-------- PROVIDED RECORDS

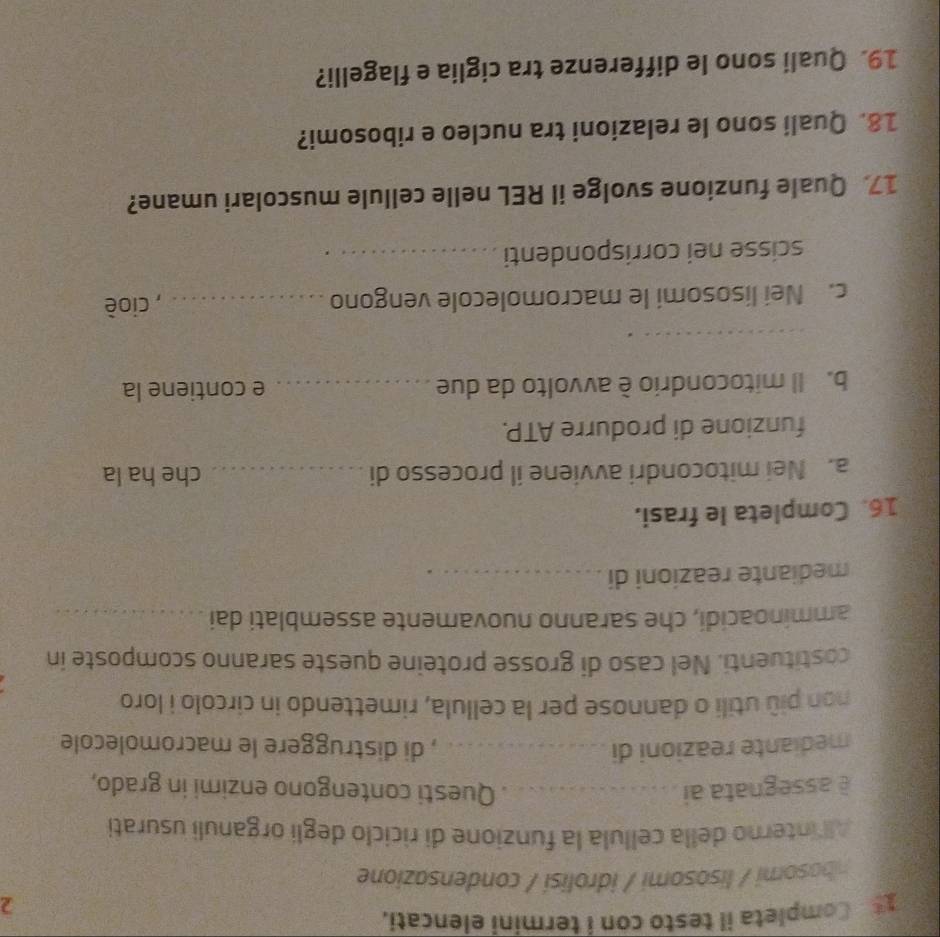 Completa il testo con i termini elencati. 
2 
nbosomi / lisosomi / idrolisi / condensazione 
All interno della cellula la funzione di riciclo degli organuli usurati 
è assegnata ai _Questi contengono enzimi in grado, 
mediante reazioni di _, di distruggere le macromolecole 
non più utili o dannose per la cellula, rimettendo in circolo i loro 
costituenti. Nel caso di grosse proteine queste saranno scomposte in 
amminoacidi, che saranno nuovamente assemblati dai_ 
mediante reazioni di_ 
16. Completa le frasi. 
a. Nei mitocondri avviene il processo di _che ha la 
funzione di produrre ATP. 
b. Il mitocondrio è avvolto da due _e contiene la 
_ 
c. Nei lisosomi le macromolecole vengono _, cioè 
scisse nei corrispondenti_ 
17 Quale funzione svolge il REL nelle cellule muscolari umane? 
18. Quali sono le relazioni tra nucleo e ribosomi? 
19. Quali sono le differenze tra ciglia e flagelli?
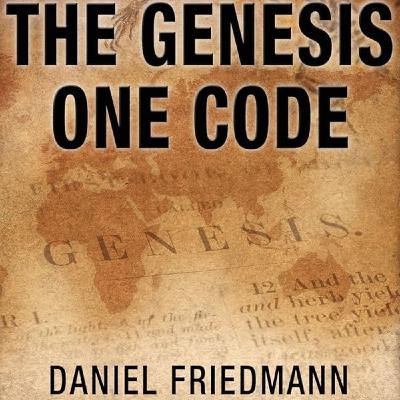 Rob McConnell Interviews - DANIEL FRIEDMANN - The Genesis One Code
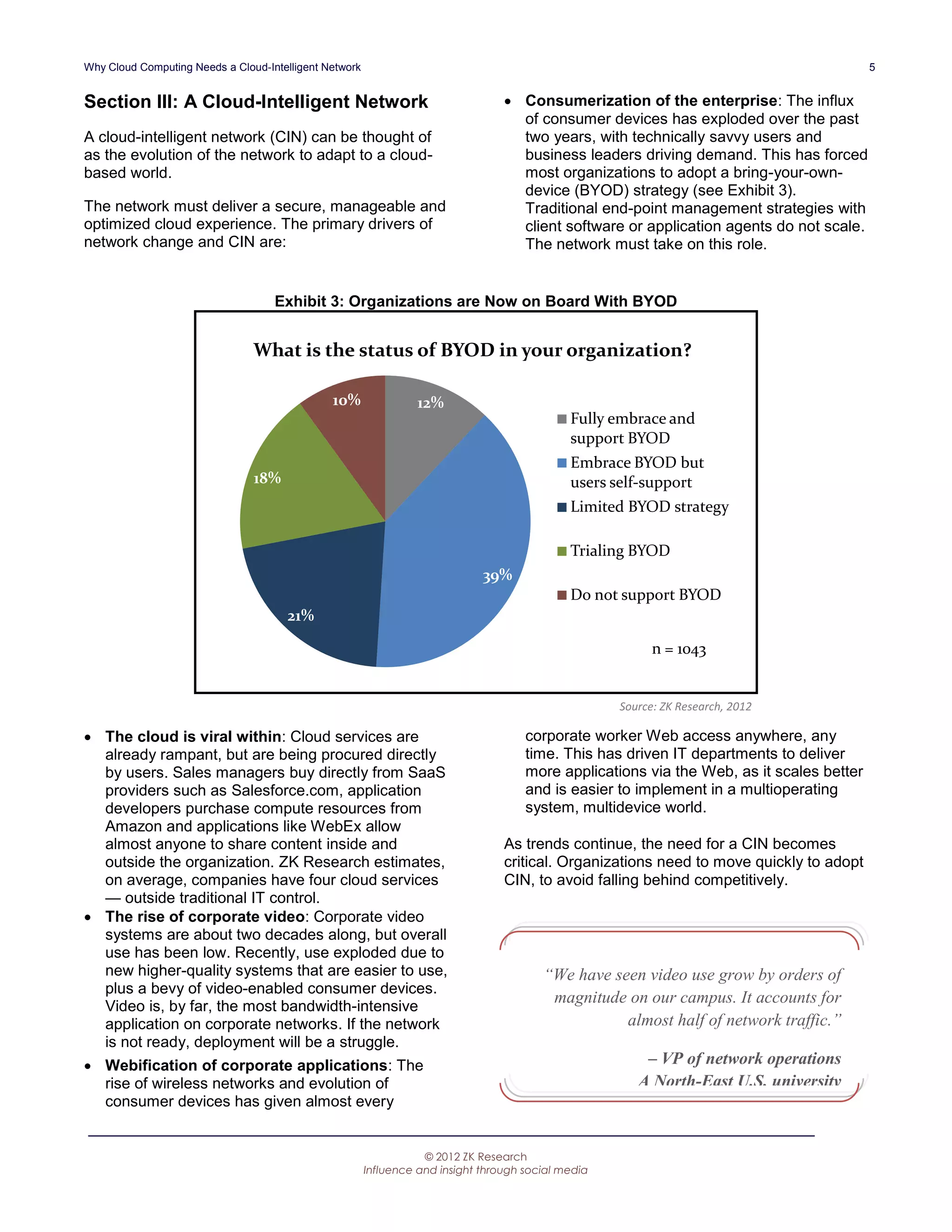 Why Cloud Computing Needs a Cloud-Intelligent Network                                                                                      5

----------------

(BRIEF):
Where a line in the material contains "saranno", copy that line.

(RESPONSE TO THIS TASK):
costituenti. Nel caso di grosse proteine queste saranno scomposte in 
amminoacidi, che saranno nuovamente assemblati dai_ 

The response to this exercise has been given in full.